His research team discovered that the temperature increase impacted populations most detrimentally in months where the ambient temperature was usually cooler: spring and winter. This specific change of five degrees was put in place to replicate a worst case scenario of climate change at the end of the century. 


Penick said Kennesaw Mountain’s environment is incredibly similar to the setting at Duke Forest. Looking at data spanning from 2019 to the first week of March, the first quarter of the year has warmed in regard to the average highs and lows of each day recorded on the mountain. March of last year, in particular, had an unusually harsh heat wave followed by a steep plummet in temperature. 


For insects, Penick says that their short-lived lives are starting earlier in the spring due to the temperature shifts. The bugs are not adapted to deal with the threshold of this heat and as a result, their abundance declines when heat waves overwhelm the population. 


The relevance of Penick’s research comes to the average person now in the midst of an “insect apocalypse” among ongoing research of the lesser known effects of climate change. At the base of the ecological food chain, no one notices the decreased presence of our six-legged friends until they’re wiped. 


Penick refers to this as the “Windshield Effect,” a term that has flooded the research of climate activists since the publication of a 2019 German study that revealed a steep decline in arthropod life in grasslands and forests over a concerningly short span of time. The effect explains the lack of fireflies in White’s backyard. 


“People start thinking ‘Oh, when I was a kid I remember having to clean all the dead bugs off the windshield every time the family took a vacation. And I’m not seeing that anymore,’” Penick said. “So, people kind of felt that there were less insects around, but it was really difficult to actually go back in time and see if it was true.”
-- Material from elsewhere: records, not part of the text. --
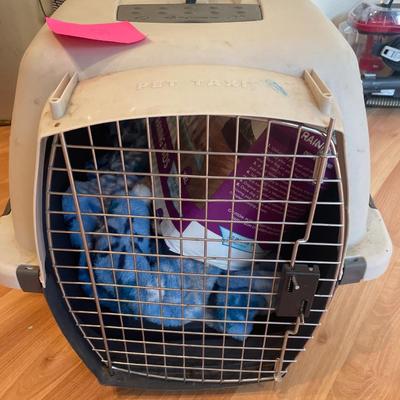 Pet kennel and pads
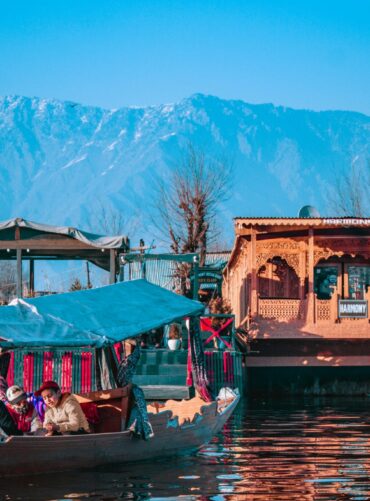 Kashmir tour packages from Gujarat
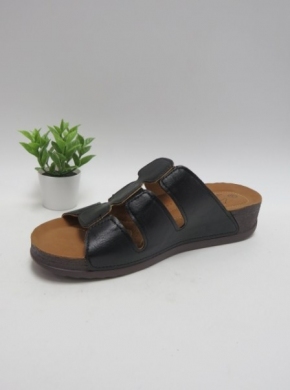 Klapki damskie na koturnie (36-41) W358 BLACK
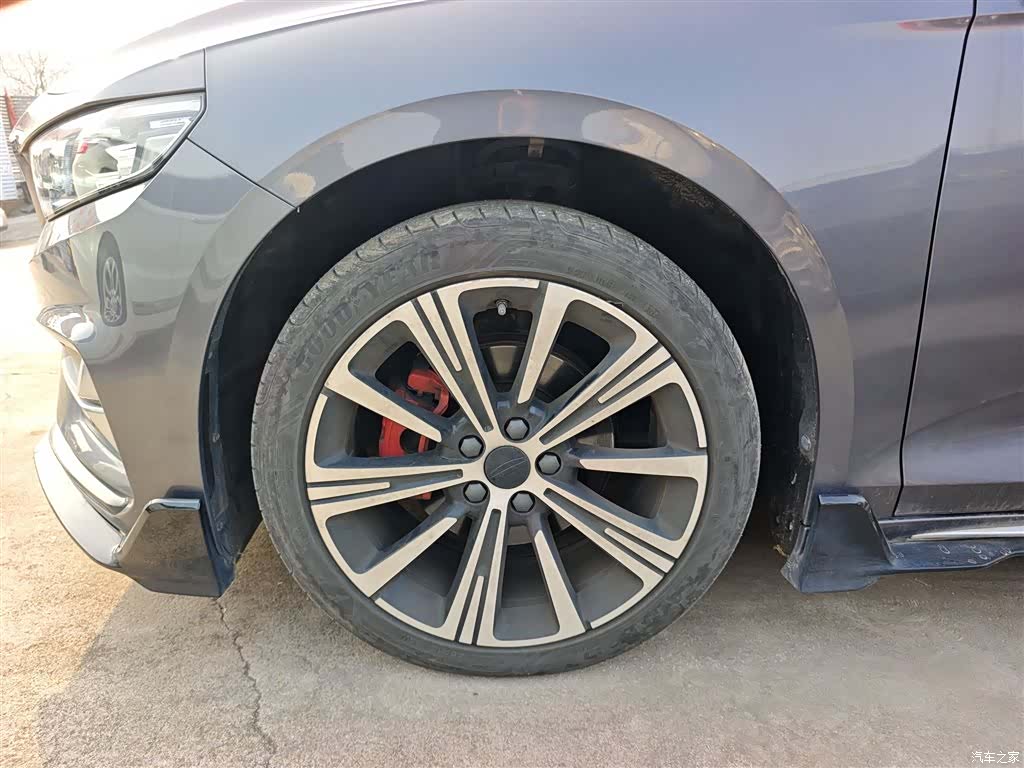 Geely Preface, 2024 22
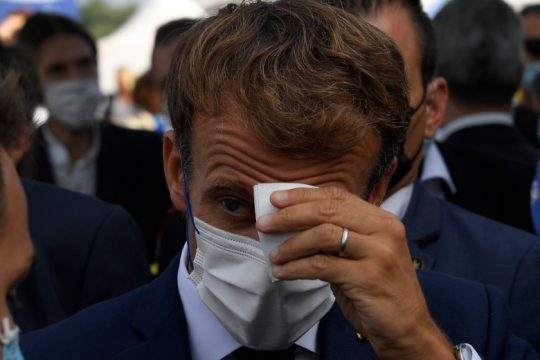 AUKUS: Ξεχειλίζει η οργή στο Παρίσι, κινήσεις κατευνασμού από ΗΠΑ-Βρετανία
What people do begin to notice, though, is the decrease in bird and fish populations that feed off these insects. As the consequences increase in severity, the importance of the faraway lives of fungal gnats become more apparent to the everyday Joe. 


Penick says that this research and incoming data is no reason to take a “doomsday” perspective on climate change. Many effects on the insect population can also be traced to insecticides or urbanization– it’s important to understand the context of the populations being studied. 
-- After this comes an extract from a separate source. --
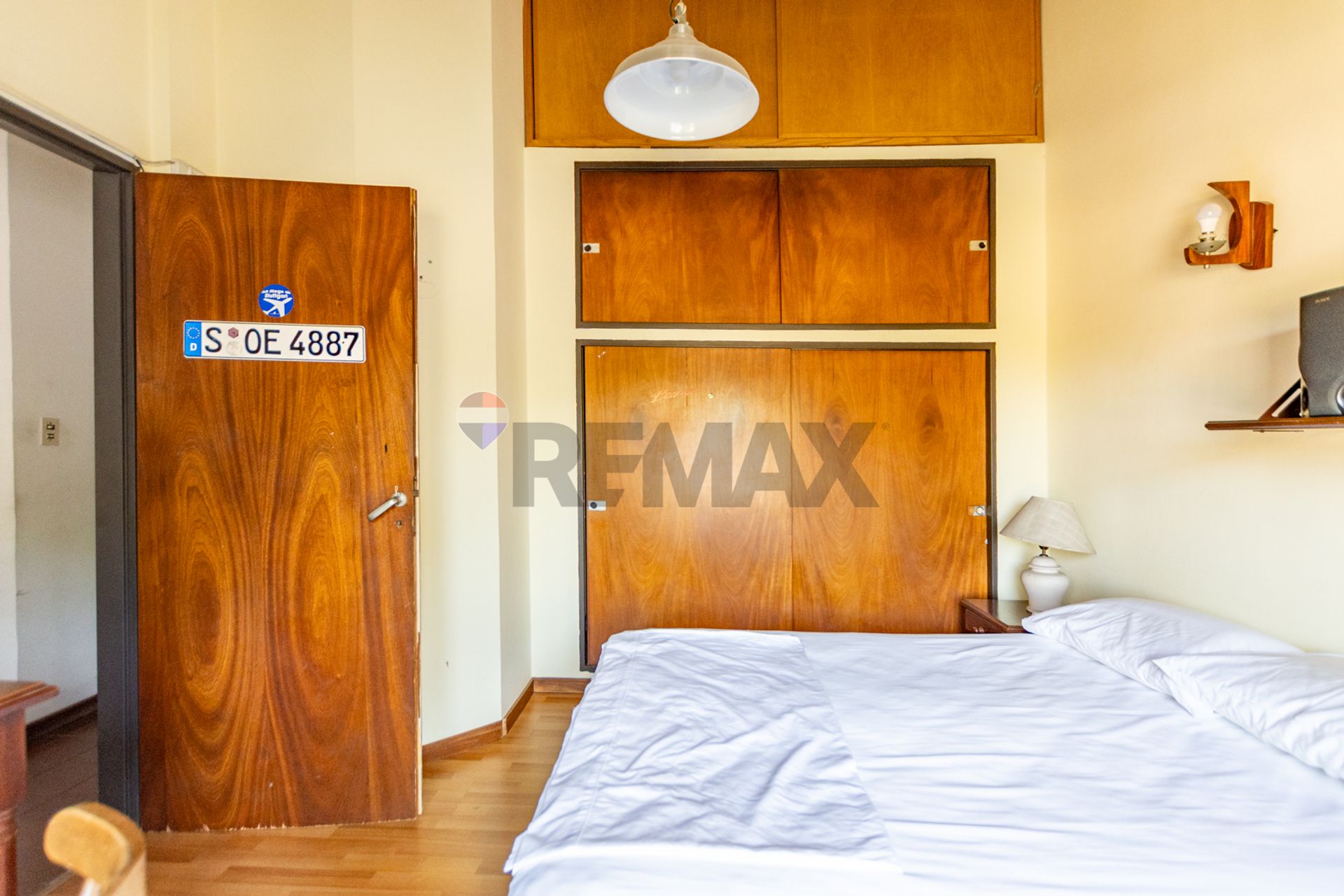 Venta Casa 4 Amb C/Pile Y Quincho En Lopez Camelo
“This research is trying to give us a window into the future and say, ‘Hey, look, these things we might be losing,’” Penick said. 


There are still solutions, though. Penick proposes the addition of wildlife corridors to urbanized areas, expecting that native animals will migrate when their ecosystems begin to change due to climate change. In addition, the topic climate change itself has helped raise awareness to the unseen consequences of it: like his research. 


“It is a solvable problem. I think that’s the thing that probably frustrates people most. We know what the problem is,” Penick said. “We’re finding out more and more that we know what kind of impacts it's gonna cause 50 to 100 years from now. And we know the solutions.”